Including additional columns in a unique clustered index

  • I am creating an indexed view from a business unit table. The goal of the view is to pre-filter the unit list to only those supported by our division. The business hierarchy goes from unit to district to region, with unit # being unique on the table.

    However, we rarely ever use unit in our applications and instead focus on the district number (as per business requirements.) One of the most common queries performed is to get a distinct list of districts based upon region selections. Only occasionally would the unit # be included too.

    Should the region and district columns be included in the unique clustered index of the view? Or should they be limited to a separate nonclustered index? I'm leaning toward the latter, but if anyone has a good reason to include them in the clustered index, I'd love to hear it. 🙂

  • Hmm. In a normalized design, I wouldn't expect the region to be in the unit table, only the district.

    Instead, I'd expect the distinct list of districts w/i a region to come from a districts table. So you don't have a separate districts/district-level table?

    SQL DBA,SQL Server MVP(07, 08, 09) A socialist is someone who will give you the shirt off *someone else's* back.

  • Good observation, however, the table design was not mine and probably existed before I was even hired. It is now part of our data warehouse and is not likely to be changed anytime soon (if ever.)

    Please just accept that the table is what it is, warts and all.

  • Ok.

    At any rate, typically you'll want to cluster the table on the most common queries that can't be easily satisified by a nonclustered index you need anyway.

    For example, if (nearly) every query specifies district, you should probably cluster the table on district first. Add the region if needed to make the clus key unique.

    You might still want a nonclus index on region and district, to speed up the specific query you mentioned. But you don't want to cluster the whole table on region if that's not typically specified for most queries.

    Btw, I'm still not clear on where "division" fits into this, so I've gone with more generic info.

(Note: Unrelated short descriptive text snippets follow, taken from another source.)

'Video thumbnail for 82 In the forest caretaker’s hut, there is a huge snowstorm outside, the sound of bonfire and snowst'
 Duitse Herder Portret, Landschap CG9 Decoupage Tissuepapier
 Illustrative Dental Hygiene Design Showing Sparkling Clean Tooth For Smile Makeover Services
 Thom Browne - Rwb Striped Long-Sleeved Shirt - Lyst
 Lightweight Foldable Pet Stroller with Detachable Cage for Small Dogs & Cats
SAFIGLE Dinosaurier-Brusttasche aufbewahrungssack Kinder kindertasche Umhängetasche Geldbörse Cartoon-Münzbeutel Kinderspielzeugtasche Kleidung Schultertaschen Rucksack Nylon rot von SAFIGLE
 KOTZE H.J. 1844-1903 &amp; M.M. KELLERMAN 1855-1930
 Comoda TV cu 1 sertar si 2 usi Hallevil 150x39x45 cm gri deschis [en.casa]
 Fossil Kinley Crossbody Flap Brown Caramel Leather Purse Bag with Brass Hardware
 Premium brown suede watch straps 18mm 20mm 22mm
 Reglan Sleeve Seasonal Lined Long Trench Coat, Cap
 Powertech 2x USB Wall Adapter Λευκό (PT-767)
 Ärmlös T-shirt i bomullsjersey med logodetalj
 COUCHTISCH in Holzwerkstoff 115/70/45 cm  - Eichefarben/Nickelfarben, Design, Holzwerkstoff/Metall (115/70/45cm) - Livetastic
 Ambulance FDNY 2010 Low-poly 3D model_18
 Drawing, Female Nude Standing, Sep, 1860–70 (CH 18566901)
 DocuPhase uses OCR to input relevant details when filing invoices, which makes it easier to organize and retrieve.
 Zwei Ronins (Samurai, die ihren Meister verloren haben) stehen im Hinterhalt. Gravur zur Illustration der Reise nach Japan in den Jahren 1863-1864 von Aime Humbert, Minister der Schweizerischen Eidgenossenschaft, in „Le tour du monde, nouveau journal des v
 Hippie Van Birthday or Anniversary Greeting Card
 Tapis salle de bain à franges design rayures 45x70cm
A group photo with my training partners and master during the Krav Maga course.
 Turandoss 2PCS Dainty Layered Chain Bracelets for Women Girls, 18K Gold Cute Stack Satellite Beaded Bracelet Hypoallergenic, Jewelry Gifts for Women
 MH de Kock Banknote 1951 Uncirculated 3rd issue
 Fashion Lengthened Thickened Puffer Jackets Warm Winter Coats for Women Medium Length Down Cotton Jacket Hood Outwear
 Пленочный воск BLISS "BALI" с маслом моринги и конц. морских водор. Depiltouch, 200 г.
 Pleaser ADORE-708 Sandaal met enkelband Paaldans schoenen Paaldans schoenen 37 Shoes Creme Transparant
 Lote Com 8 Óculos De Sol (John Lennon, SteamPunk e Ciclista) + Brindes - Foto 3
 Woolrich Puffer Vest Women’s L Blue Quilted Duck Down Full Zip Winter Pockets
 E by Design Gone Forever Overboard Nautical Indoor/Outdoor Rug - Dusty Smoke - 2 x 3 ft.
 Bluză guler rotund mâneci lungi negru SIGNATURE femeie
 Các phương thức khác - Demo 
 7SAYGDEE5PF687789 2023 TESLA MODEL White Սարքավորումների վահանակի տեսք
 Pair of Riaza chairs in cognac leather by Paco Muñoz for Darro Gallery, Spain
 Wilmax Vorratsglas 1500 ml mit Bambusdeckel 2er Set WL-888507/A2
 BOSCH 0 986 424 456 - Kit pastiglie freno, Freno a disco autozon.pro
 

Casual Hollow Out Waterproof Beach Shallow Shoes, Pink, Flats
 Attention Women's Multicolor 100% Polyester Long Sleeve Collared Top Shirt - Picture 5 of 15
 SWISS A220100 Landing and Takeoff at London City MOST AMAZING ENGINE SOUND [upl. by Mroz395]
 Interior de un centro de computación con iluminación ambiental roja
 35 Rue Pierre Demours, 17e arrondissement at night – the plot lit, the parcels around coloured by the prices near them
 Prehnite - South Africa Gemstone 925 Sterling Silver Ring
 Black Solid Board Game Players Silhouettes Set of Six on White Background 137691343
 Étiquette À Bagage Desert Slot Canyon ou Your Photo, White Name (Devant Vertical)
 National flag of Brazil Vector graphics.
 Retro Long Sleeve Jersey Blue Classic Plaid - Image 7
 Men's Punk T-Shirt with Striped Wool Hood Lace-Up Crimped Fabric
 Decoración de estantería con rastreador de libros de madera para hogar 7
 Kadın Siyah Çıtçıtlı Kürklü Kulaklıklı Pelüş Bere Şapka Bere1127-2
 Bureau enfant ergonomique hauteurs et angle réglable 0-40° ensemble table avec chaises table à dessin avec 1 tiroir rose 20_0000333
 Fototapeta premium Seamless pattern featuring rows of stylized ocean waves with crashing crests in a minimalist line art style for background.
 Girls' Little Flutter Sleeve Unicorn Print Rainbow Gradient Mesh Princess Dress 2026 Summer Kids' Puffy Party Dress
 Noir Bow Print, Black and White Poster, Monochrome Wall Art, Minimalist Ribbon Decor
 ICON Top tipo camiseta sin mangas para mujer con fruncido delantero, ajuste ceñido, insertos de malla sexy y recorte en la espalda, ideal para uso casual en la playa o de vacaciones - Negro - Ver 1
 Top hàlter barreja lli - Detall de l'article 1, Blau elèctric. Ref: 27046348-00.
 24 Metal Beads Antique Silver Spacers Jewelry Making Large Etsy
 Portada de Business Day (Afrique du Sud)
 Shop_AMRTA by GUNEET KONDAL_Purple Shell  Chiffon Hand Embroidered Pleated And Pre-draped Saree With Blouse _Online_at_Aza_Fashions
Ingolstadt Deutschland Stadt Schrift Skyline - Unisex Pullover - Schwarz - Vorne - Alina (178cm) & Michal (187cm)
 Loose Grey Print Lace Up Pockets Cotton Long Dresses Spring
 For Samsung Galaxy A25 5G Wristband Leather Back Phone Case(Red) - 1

    SQL DBA,SQL Server MVP(07, 08, 09) A socialist is someone who will give you the shirt off *someone else's* back.

  • dembones79 (3/4/2013)


    Should the region and district columns be included in the unique clustered index of the view?

    Bear in mind that a clustered index implicitly includes all the columns in the table/view. For the key I'd specify the minimum of columns, just what is the unique portion. The rest of the columns are in the index too.

    If it were a nonclustered index I'd still put just the unqiue columns in the key, the others would be include columns.

    Gail Shaw
    Microsoft Certified Master: SQL Server, MVP, M.Sc (Comp Sci)
    SQL In The Wild: Discussions on DB performance with occasional diversions into recoverability

    We walk in the dark places no others will enter
    We stand on the bridge and no one may pass
  • GilaMonster (3/4/2013)


    dembones79 (3/4/2013)


    Should the region and district columns be included in the unique clustered index of the view?

    Bear in mind that a clustered index implicitly includes all the columns in the table/view. For the key I'd specify the minimum of columns, just what is the unique portion. The rest of the columns are in the index too.

    If it were a nonclustered index I'd still put just the unqiue columns in the key, the others would be include columns.

    If you (almost) always select by multiple columns, and depending on the selectivity of the columns, you might get significant gains from including another column in the clus index. Don't follow too simplistic rules of "(always) one column per clus index" at the expense of the genuine performance of your dbs.

    Look at some of MS's system tables: some of their internal replication tables have 5 clus keys. I'm sure some would sorely disapprove of that, but it might be needed for best performance.

    SQL DBA,SQL Server MVP(07, 08, 09) A socialist is someone who will give you the shirt off *someone else's* back.

  • ScottPletcher (3/4/2013)


    GilaMonster (3/4/2013)


    dembones79 (3/4/2013)


    Should the region and district columns be included in the unique clustered index of the view?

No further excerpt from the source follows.